Stored items from a collection
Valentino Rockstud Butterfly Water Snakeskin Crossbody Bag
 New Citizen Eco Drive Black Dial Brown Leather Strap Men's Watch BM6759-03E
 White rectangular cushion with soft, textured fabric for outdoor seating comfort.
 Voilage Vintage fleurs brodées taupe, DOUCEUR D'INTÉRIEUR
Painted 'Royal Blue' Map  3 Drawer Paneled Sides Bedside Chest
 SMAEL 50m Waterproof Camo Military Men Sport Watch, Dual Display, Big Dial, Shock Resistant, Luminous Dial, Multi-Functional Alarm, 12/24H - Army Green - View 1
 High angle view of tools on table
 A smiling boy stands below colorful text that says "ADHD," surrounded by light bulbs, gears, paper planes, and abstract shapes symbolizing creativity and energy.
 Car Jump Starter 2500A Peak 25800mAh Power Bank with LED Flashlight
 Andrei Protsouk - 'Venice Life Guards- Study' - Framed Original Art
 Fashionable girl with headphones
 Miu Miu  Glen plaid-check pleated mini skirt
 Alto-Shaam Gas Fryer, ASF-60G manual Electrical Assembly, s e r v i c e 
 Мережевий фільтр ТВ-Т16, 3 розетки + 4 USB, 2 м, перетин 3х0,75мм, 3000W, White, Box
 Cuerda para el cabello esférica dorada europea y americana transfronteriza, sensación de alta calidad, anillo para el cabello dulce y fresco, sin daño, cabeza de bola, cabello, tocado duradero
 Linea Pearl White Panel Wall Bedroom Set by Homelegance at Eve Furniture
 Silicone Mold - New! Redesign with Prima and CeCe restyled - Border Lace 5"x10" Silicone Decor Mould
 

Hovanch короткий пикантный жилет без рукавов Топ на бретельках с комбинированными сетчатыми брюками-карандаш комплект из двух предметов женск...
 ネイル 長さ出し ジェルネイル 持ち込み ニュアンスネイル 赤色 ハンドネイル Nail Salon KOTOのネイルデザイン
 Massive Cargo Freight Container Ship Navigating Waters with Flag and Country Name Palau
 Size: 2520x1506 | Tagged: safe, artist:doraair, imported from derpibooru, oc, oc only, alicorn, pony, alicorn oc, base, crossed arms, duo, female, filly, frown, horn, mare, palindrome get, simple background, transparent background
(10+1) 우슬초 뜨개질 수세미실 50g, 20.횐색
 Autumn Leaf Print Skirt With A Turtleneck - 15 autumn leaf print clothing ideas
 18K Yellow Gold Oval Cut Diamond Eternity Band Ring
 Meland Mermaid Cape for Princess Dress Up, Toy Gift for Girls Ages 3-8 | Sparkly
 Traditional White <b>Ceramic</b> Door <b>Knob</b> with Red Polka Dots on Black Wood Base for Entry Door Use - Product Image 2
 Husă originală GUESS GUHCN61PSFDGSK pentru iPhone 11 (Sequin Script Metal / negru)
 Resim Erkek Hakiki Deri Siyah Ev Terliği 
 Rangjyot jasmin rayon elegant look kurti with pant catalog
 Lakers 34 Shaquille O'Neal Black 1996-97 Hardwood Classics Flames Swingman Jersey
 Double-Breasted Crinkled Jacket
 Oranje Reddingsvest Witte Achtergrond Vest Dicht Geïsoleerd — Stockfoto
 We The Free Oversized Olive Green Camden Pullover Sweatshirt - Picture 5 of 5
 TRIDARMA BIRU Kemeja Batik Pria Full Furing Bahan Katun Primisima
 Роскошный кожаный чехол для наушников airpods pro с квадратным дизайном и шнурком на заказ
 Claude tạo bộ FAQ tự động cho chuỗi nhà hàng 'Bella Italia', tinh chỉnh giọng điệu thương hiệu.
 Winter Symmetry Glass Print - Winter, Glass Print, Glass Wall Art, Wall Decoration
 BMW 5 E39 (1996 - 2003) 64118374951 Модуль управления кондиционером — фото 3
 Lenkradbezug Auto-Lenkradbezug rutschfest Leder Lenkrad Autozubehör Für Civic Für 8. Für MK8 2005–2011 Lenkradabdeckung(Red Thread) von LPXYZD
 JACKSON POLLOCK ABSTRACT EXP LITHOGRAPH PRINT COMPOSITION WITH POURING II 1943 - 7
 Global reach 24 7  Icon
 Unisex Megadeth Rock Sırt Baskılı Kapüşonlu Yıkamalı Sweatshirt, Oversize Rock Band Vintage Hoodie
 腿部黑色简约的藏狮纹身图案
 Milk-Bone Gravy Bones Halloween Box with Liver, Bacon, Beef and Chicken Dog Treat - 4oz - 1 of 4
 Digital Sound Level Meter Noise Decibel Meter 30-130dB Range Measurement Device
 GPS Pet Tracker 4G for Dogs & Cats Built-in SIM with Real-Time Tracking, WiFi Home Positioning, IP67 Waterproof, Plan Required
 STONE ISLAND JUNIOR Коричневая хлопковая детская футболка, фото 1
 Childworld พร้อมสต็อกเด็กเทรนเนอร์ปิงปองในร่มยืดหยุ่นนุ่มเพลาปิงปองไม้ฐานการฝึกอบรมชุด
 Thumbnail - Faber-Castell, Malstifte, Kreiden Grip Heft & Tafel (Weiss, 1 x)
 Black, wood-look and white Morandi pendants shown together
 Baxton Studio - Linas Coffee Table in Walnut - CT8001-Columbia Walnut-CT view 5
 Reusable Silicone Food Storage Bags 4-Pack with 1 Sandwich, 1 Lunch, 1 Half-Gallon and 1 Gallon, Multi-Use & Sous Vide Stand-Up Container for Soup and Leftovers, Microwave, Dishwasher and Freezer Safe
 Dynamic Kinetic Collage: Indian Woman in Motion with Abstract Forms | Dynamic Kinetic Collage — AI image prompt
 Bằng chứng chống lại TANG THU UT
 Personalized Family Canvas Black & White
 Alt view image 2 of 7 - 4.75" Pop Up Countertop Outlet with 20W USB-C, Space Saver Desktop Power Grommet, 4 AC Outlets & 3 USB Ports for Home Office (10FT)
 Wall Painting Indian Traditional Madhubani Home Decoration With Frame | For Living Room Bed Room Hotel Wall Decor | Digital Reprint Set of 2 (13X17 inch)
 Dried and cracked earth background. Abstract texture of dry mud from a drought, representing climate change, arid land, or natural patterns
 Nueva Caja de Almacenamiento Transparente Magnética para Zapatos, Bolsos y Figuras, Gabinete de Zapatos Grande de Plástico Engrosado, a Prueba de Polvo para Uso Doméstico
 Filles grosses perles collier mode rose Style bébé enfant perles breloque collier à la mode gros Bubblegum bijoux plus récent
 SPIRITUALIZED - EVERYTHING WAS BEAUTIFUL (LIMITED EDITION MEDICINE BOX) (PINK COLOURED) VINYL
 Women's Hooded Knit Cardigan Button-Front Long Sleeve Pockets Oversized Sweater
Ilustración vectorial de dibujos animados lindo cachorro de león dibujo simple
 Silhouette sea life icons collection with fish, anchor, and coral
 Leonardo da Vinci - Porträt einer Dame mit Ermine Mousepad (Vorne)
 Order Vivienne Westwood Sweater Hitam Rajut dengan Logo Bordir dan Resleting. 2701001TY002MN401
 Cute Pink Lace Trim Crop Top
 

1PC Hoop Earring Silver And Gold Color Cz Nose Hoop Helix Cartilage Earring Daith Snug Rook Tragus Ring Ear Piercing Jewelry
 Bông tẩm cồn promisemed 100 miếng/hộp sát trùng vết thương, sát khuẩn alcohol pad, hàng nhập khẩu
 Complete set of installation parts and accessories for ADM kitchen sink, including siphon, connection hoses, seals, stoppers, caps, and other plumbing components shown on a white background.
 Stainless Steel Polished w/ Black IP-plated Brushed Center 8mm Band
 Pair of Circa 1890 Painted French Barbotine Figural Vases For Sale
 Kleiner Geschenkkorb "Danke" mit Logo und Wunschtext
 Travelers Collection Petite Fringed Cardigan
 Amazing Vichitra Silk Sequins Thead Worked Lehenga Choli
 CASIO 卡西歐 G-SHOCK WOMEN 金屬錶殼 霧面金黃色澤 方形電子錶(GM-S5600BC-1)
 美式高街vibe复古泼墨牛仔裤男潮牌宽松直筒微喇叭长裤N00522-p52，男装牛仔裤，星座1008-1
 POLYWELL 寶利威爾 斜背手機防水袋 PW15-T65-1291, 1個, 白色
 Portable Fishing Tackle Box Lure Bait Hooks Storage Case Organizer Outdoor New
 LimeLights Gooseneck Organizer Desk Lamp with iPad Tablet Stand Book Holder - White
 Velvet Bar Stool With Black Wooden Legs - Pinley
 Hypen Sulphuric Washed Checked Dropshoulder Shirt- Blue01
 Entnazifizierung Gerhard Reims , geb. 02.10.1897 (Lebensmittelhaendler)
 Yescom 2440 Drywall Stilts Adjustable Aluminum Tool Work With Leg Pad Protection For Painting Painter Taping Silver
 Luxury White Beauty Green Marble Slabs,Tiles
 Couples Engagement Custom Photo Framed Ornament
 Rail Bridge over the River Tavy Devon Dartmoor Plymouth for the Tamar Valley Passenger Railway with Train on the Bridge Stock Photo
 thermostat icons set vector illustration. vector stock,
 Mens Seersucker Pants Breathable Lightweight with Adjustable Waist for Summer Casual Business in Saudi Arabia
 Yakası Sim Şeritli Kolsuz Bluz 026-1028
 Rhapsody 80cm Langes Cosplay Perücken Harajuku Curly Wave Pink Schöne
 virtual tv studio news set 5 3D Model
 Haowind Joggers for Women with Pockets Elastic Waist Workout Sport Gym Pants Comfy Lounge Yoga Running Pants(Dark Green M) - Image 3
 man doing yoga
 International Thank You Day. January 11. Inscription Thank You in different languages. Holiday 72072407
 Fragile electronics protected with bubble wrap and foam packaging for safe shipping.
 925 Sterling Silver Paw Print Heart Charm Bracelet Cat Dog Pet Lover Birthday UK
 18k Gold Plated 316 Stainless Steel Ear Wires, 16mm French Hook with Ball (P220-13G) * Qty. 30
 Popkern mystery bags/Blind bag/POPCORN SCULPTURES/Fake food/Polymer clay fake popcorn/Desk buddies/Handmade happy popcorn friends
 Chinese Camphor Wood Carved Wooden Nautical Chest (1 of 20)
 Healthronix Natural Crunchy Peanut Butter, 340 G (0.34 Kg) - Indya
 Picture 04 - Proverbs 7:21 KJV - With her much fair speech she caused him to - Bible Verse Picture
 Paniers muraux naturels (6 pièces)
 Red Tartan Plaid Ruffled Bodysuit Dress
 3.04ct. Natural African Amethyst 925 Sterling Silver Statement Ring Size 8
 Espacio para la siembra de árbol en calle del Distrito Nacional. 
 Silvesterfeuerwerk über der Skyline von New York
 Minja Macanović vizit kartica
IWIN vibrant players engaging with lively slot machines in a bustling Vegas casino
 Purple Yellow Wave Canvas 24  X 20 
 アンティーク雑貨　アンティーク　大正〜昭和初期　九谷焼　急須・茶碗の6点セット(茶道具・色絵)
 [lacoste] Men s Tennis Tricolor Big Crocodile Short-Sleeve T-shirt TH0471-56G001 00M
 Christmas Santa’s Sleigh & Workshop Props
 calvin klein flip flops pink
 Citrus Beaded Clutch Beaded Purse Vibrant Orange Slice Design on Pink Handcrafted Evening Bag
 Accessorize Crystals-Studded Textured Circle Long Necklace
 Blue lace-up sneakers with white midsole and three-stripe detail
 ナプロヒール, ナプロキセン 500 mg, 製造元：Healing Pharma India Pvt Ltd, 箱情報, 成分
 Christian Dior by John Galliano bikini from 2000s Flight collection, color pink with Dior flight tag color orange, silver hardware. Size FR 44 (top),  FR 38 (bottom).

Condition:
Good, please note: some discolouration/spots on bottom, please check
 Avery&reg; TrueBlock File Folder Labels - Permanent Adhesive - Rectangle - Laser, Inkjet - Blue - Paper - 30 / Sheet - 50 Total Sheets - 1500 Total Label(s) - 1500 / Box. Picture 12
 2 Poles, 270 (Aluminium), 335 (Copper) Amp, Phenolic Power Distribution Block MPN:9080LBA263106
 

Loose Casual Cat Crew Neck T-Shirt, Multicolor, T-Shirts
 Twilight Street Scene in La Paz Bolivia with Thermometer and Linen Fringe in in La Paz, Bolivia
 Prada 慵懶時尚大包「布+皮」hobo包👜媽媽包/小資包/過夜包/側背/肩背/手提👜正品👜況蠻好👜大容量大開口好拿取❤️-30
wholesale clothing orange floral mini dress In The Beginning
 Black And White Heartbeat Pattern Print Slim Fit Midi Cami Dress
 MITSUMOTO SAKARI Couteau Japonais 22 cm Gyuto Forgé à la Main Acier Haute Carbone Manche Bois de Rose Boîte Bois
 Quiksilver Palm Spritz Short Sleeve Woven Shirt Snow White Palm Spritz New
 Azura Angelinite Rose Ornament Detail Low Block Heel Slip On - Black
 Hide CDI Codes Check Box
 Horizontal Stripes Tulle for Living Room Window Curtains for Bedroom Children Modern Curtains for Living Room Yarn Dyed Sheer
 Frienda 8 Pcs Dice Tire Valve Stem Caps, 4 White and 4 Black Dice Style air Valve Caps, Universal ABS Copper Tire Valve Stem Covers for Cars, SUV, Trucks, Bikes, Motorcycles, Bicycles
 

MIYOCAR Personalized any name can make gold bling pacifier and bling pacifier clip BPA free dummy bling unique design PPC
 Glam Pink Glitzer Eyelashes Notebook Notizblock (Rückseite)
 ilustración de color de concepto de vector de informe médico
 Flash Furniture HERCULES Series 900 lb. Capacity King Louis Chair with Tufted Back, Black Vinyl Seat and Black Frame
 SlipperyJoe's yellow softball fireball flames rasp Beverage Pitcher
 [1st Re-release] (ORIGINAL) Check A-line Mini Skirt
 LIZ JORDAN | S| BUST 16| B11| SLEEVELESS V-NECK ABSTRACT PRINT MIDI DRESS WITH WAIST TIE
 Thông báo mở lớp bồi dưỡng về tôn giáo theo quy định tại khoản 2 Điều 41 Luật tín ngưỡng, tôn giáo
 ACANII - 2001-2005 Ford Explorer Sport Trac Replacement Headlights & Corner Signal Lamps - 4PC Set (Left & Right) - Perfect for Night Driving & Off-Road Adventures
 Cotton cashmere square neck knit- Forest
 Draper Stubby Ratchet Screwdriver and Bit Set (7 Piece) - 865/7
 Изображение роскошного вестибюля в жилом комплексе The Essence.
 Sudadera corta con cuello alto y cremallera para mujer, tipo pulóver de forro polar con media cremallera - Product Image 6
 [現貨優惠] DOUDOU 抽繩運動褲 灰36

(Your instructions)
Only the number is wanted. Count the lines above that include the word "Sweater".

(Task output)
2